On Monday I airbrushed the chassis parts with gunmetal, then washed them with Nuln Oil (confession time - I did enter an outlet of the EEoN to buy a couple of things after work that day). I also gave the bodies a wash of Agrax Earthshade. Once the washes had dried I used sponges to stipple on a variety of red.brown and orange paints to create a rust look. I thought I had taken pics, but it seems I forgot.
On Tuesday I took the bodies to work and gave them a spray coat of satin varnish. In the evening I made a start on my rust chipping experiment. I took three of the varnished bodies and used them to test three different methods - salt, hairspray and PVA. I left them to dry overnight.
I also did a little bit of work on the coach - cutting out a couple of sections of plastic to create a crew pit on the roof.
This evening I carried on with the rust chipping experiment. First off I airbrushed all the bodies white, then left it a few minutes to dry. The next job was to dab off paint using a wet brush to give the chipped effect.
|Salt, hairspray, PVA|
The method that was easiest to use was hairspray as it allows greater control over where the chipping occurs.I just need a little bit of practice to get the right look. The salt method gave the best results as the chipping was more random, but everywhere you apply salt will get shipped whilst with the other methods you can be more selective about where to remove paint.
I did learn that for the salt method it needs a matt rather than satin coat - the water kept running off the satin.

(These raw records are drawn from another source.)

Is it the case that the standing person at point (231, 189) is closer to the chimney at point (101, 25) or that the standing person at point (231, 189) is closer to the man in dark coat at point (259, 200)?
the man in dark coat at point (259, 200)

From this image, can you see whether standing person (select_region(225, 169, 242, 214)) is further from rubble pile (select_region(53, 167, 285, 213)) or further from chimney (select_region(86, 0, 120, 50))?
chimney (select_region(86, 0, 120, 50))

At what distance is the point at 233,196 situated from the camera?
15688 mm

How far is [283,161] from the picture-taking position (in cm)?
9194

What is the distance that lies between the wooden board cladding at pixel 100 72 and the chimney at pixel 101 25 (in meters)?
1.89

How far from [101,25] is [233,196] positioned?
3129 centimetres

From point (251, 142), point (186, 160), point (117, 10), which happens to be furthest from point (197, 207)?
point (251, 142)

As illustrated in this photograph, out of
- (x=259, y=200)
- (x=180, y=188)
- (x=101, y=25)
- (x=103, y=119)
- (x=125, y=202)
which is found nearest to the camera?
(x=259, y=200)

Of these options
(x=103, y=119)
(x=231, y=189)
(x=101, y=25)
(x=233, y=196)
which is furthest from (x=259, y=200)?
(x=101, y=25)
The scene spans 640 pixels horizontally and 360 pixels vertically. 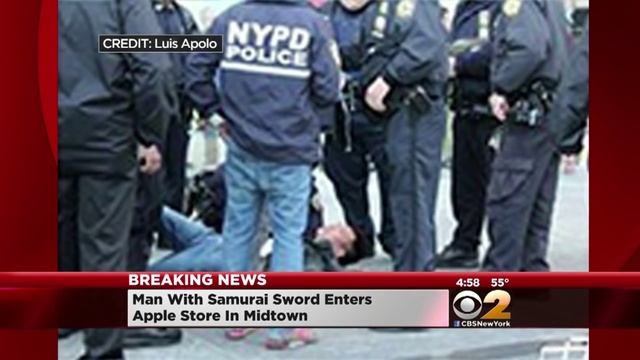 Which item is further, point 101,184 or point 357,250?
point 101,184

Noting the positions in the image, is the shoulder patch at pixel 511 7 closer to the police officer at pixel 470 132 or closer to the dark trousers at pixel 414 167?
the police officer at pixel 470 132

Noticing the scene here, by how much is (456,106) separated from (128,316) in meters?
1.00

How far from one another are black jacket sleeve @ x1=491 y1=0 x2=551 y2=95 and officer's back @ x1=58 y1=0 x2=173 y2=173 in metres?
0.72

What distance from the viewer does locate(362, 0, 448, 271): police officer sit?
9.41ft

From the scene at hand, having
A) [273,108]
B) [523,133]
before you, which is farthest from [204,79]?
[523,133]

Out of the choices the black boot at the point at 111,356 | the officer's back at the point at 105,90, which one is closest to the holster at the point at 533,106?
the officer's back at the point at 105,90

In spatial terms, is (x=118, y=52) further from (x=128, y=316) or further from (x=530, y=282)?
(x=530, y=282)

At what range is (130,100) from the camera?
313cm

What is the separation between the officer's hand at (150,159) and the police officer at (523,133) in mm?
762

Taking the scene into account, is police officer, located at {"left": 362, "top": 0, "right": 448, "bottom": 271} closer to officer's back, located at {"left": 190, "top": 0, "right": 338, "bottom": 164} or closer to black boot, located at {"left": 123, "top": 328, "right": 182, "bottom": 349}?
officer's back, located at {"left": 190, "top": 0, "right": 338, "bottom": 164}

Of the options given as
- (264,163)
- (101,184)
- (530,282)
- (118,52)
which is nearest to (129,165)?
(101,184)

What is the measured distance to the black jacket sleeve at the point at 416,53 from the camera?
113 inches

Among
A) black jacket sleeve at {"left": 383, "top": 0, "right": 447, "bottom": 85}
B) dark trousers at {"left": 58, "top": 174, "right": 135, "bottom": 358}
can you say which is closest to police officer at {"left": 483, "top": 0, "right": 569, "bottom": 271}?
black jacket sleeve at {"left": 383, "top": 0, "right": 447, "bottom": 85}

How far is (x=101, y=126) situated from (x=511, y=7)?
0.96 metres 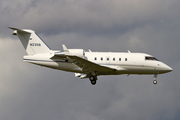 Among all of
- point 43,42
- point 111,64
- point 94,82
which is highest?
point 43,42

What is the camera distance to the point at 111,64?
4016 centimetres

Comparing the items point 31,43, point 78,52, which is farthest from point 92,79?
point 31,43

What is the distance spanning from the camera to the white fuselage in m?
40.2

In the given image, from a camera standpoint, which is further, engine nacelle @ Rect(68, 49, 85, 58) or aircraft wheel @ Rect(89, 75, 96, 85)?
aircraft wheel @ Rect(89, 75, 96, 85)

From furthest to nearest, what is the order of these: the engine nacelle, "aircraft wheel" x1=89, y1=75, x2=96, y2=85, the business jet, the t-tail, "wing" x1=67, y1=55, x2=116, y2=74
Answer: the t-tail < "aircraft wheel" x1=89, y1=75, x2=96, y2=85 < the business jet < the engine nacelle < "wing" x1=67, y1=55, x2=116, y2=74

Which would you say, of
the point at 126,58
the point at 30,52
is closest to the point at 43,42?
the point at 30,52

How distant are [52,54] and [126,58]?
10070 millimetres

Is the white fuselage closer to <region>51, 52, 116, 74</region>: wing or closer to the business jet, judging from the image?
the business jet

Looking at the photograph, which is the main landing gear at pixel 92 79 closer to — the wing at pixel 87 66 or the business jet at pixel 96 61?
the business jet at pixel 96 61

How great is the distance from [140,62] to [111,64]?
157 inches

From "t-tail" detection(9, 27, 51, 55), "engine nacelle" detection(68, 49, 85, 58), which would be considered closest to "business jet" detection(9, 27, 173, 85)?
"t-tail" detection(9, 27, 51, 55)

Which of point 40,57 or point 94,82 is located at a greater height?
point 40,57

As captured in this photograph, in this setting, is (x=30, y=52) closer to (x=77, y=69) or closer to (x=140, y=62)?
(x=77, y=69)

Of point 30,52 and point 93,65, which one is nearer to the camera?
point 93,65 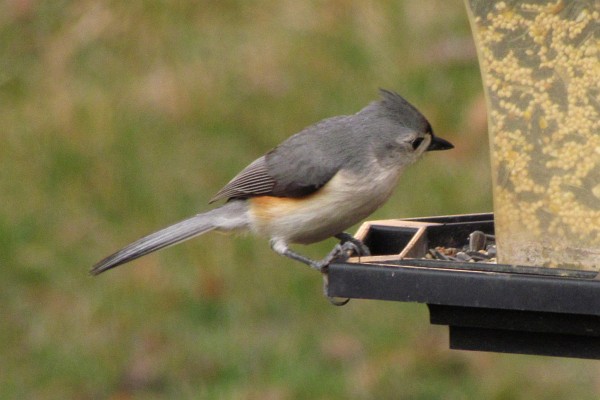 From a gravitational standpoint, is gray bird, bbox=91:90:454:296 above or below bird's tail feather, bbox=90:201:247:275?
above

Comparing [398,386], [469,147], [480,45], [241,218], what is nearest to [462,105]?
[469,147]

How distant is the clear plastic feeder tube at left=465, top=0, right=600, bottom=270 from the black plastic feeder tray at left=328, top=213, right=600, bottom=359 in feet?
0.60

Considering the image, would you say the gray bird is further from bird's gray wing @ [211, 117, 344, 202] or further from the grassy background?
the grassy background

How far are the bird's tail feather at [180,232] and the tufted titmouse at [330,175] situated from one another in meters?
0.02

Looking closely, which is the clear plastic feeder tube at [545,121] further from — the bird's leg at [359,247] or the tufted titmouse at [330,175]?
the tufted titmouse at [330,175]

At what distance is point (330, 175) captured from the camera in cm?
525

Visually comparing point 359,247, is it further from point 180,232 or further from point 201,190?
point 201,190

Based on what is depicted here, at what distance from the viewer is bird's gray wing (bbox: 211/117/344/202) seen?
5.27 meters

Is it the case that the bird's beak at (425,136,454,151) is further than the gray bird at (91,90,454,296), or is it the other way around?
the bird's beak at (425,136,454,151)

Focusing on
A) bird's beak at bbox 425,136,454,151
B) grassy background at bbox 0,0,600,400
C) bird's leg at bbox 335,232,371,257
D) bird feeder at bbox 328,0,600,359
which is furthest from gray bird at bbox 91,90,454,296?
grassy background at bbox 0,0,600,400

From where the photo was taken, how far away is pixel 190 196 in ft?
29.6

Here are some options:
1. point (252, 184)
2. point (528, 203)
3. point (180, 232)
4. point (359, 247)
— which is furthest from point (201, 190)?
point (528, 203)

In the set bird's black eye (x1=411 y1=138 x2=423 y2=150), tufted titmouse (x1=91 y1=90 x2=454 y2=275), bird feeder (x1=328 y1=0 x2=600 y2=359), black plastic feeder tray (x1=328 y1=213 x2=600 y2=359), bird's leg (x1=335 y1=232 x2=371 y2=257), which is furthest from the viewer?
bird's black eye (x1=411 y1=138 x2=423 y2=150)

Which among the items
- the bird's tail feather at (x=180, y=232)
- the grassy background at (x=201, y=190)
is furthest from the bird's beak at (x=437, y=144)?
the grassy background at (x=201, y=190) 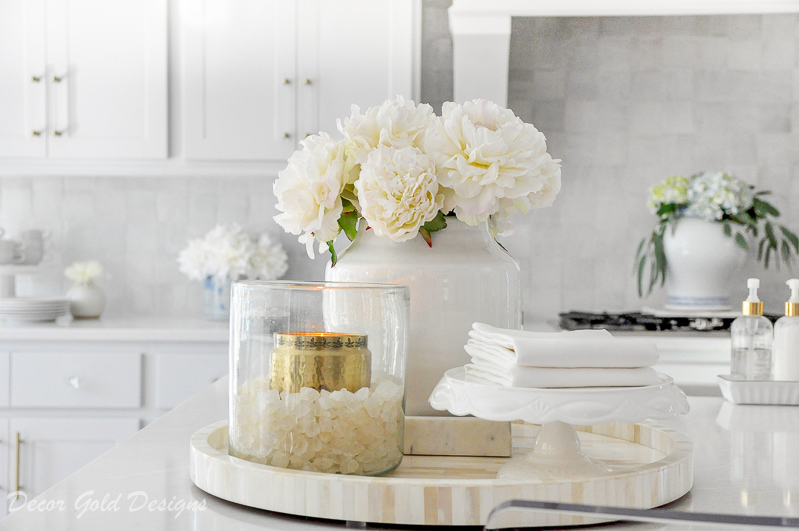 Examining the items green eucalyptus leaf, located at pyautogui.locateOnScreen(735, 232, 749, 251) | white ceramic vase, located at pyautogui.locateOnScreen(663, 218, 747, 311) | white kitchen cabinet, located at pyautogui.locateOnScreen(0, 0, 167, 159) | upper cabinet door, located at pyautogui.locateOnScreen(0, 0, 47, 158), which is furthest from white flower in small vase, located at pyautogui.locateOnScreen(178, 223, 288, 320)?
green eucalyptus leaf, located at pyautogui.locateOnScreen(735, 232, 749, 251)

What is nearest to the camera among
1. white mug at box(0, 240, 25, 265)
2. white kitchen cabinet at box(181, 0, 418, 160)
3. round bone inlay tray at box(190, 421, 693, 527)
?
round bone inlay tray at box(190, 421, 693, 527)

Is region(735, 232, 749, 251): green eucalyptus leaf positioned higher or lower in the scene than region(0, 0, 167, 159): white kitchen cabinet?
lower

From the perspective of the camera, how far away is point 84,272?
8.96 ft

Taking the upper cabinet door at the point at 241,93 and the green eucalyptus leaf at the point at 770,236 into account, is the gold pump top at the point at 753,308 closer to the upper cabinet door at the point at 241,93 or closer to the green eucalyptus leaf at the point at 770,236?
the green eucalyptus leaf at the point at 770,236

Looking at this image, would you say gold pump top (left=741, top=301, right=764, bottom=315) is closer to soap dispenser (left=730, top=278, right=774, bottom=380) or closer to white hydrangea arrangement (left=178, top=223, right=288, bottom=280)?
soap dispenser (left=730, top=278, right=774, bottom=380)

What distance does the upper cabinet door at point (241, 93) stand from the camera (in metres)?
2.57

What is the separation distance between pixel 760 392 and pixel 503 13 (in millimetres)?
1448

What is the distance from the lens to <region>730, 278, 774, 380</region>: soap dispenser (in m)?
1.22

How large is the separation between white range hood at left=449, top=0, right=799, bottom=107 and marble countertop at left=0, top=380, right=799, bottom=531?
160 cm

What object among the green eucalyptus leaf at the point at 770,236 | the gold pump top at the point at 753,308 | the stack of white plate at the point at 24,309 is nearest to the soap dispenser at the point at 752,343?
the gold pump top at the point at 753,308

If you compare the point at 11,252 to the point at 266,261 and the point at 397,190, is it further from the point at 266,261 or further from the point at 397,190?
the point at 397,190

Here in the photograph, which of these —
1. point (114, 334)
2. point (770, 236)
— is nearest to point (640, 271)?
point (770, 236)

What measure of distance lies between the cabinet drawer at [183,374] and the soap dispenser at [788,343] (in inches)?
63.1

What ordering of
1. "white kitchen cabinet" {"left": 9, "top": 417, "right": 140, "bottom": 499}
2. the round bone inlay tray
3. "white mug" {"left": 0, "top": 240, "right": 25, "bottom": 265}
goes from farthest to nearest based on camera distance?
"white mug" {"left": 0, "top": 240, "right": 25, "bottom": 265}
"white kitchen cabinet" {"left": 9, "top": 417, "right": 140, "bottom": 499}
the round bone inlay tray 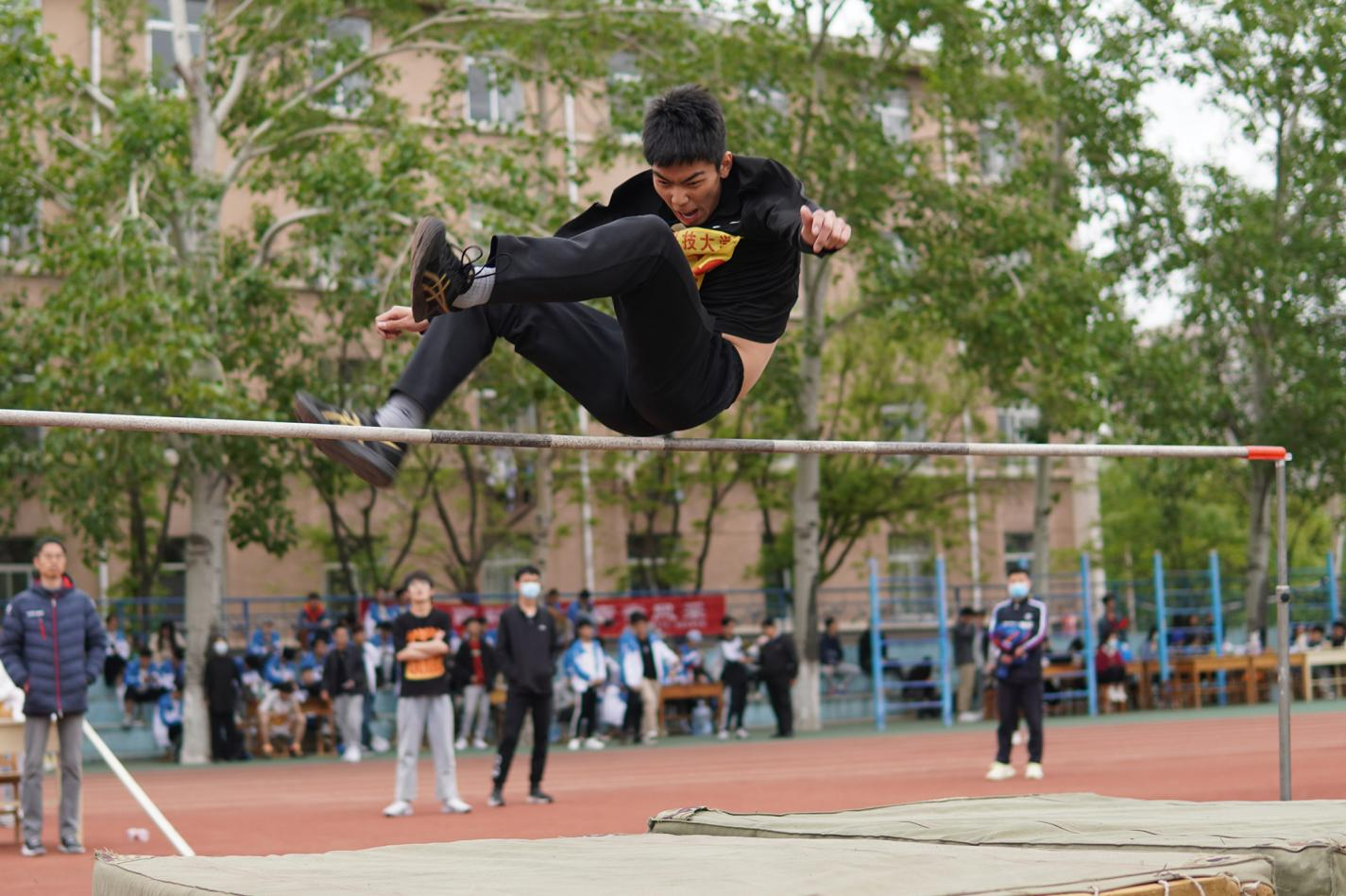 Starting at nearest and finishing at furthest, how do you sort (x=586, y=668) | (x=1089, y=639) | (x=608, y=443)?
1. (x=608, y=443)
2. (x=586, y=668)
3. (x=1089, y=639)

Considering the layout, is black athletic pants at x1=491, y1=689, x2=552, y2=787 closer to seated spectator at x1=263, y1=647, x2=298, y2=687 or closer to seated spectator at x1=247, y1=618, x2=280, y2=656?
seated spectator at x1=263, y1=647, x2=298, y2=687

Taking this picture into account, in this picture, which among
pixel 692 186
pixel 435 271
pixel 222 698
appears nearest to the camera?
pixel 435 271

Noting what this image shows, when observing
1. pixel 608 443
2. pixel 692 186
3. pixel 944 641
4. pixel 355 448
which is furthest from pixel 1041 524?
pixel 355 448

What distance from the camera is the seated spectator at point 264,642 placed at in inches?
794

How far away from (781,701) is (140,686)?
8.40 metres

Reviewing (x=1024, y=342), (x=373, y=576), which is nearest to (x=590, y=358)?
(x=1024, y=342)

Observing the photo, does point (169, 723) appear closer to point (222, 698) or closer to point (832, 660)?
point (222, 698)

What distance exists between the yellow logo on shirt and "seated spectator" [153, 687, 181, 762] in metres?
16.5

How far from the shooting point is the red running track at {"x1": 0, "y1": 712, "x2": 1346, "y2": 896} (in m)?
10.6

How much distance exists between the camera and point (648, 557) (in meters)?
30.9

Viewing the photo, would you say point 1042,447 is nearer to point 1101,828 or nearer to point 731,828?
point 1101,828

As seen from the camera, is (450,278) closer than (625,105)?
Yes

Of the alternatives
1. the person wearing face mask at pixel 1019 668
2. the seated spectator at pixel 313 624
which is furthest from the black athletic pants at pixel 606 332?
the seated spectator at pixel 313 624

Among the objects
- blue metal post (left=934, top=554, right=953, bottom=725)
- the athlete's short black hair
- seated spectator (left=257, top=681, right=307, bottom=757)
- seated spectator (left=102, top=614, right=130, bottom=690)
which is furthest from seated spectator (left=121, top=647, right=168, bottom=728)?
the athlete's short black hair
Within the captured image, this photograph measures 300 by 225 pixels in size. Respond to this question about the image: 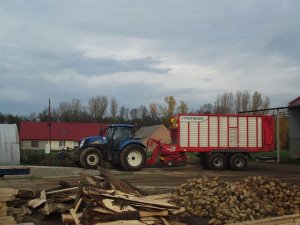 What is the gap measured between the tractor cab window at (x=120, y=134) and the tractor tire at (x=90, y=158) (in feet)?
3.54

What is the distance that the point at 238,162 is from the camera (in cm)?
2650

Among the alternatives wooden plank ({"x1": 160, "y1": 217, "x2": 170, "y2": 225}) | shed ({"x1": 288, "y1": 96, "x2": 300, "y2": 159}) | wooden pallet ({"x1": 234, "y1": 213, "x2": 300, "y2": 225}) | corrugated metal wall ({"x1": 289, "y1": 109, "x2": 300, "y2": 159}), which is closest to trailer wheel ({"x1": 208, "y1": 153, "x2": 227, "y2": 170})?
shed ({"x1": 288, "y1": 96, "x2": 300, "y2": 159})

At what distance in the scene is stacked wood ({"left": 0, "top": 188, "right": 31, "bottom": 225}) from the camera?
9418 millimetres

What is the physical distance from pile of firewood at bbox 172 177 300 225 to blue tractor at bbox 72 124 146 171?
478 inches

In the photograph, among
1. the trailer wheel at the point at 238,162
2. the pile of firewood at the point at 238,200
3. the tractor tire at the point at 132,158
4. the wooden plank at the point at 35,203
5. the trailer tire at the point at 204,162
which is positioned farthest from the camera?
the trailer tire at the point at 204,162

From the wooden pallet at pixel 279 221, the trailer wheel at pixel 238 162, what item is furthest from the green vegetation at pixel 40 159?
the wooden pallet at pixel 279 221

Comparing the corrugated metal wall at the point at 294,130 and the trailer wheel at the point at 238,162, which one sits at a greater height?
the corrugated metal wall at the point at 294,130

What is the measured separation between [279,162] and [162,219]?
2633 cm

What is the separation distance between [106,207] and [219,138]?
17.2 meters

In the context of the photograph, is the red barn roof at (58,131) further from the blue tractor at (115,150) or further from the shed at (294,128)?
the blue tractor at (115,150)

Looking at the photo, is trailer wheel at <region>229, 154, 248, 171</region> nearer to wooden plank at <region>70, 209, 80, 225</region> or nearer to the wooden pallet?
the wooden pallet

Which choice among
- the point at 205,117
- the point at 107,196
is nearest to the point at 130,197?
the point at 107,196

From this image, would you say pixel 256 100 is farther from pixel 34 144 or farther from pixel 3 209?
pixel 3 209

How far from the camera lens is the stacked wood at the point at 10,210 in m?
9.42
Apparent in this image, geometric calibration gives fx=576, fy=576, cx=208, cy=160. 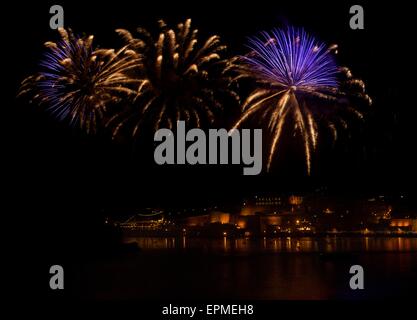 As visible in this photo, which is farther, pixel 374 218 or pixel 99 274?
pixel 374 218

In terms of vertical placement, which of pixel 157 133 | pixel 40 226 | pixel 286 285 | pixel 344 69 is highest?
pixel 344 69

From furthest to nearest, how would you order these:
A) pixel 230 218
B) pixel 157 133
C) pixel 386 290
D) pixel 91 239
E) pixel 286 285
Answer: pixel 230 218
pixel 91 239
pixel 286 285
pixel 386 290
pixel 157 133

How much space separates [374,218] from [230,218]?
3562 centimetres

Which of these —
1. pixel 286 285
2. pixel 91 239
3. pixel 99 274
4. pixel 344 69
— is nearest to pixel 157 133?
pixel 344 69

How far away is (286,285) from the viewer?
31.4 m

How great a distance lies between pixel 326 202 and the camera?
143625 mm

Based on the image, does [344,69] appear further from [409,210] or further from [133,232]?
[133,232]

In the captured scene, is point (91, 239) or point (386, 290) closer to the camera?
point (386, 290)

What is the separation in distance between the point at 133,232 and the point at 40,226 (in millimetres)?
108332

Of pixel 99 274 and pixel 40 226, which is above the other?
pixel 40 226

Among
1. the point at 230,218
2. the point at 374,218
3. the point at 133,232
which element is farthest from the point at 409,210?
the point at 133,232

I also learned that table salt rather than rock salt is better for this scale of vehicle.
I'm not sure which method I will go with - I think it will depend on what I'm trying to achieve. Cars of scrapheap terrain might be best with the salt method; gaming piece cars might be best with the hairspray method.
This evening I've also been cutting up bits of mesh and plastic to armour up the coach. A bit later on I will start gluing them in place.